When you reach the line containing "NATO-Ukrayna Komisyon toplantısında", begin reproducing the material exactly, stop after the line containing "[网红COSER]韩国妹子BamBiPoisonousnurse插图7", and leave out any pictures along the way.

**The data**
______________________________
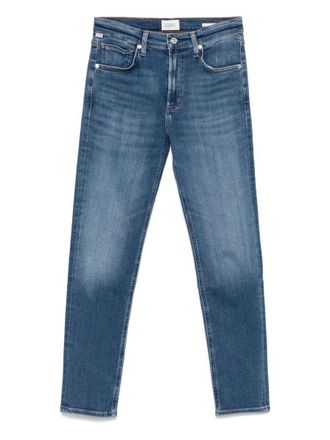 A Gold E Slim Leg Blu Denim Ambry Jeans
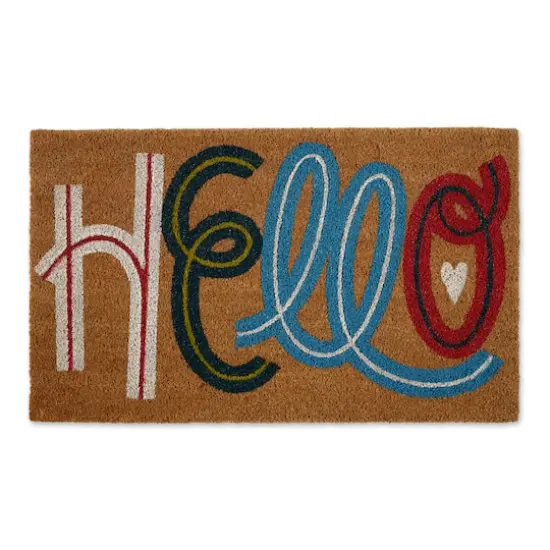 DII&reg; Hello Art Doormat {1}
______________________________
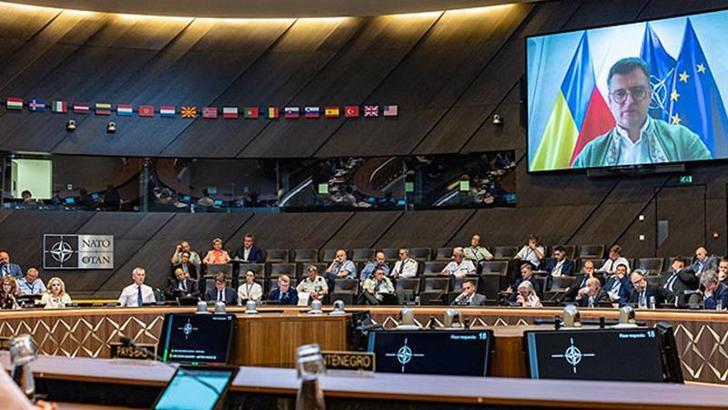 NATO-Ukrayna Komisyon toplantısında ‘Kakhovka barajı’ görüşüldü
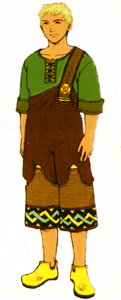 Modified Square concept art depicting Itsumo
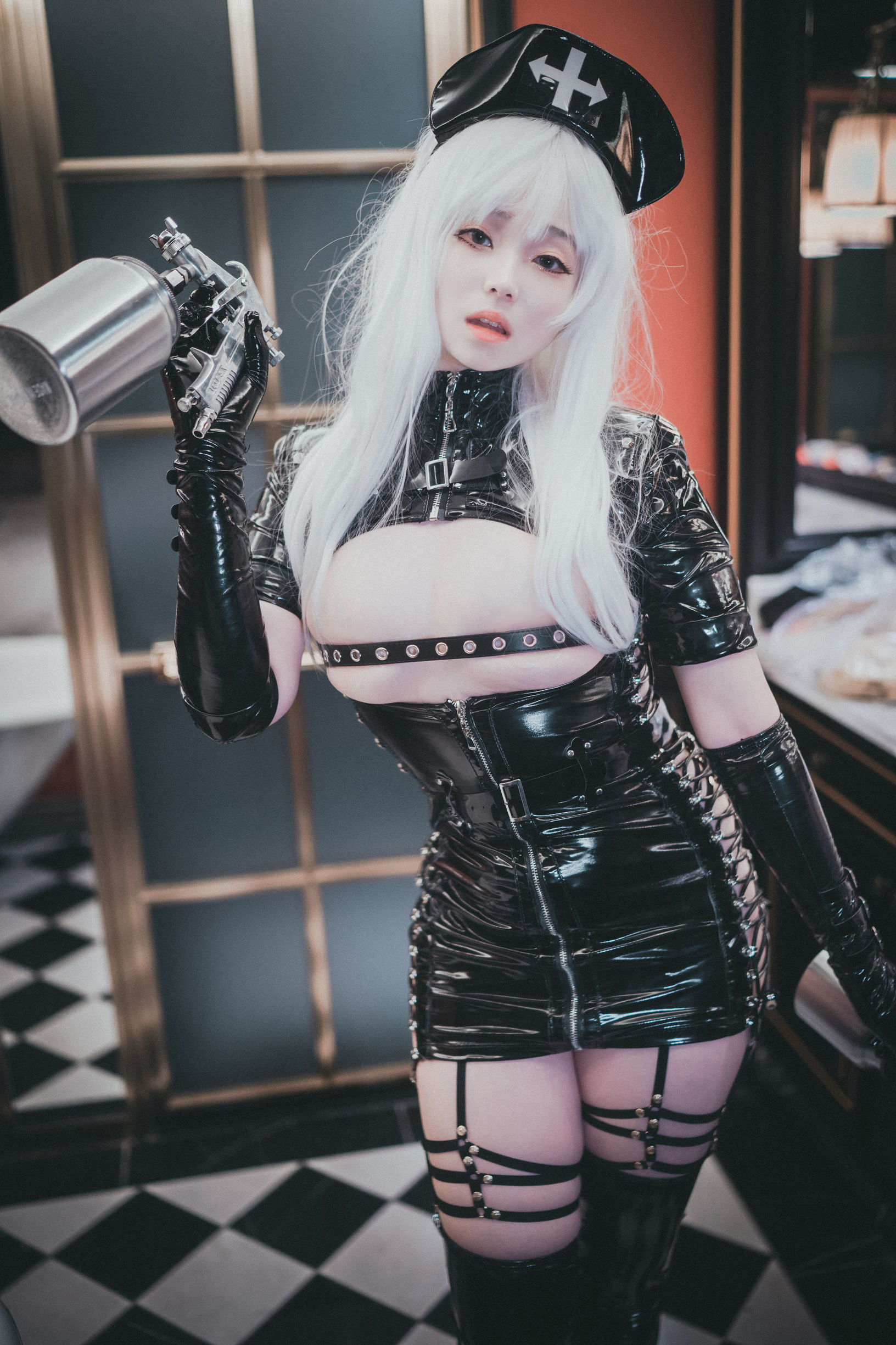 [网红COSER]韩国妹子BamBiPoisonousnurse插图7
______________________________
**Response for this exercise**
 NATO-Ukrayna Komisyon toplantısında ‘Kakhovka barajı’ görüşüldü
 Modified Square concept art depicting Itsumo
 [网红COSER]韩国妹子BamBiPoisonousnurse插图7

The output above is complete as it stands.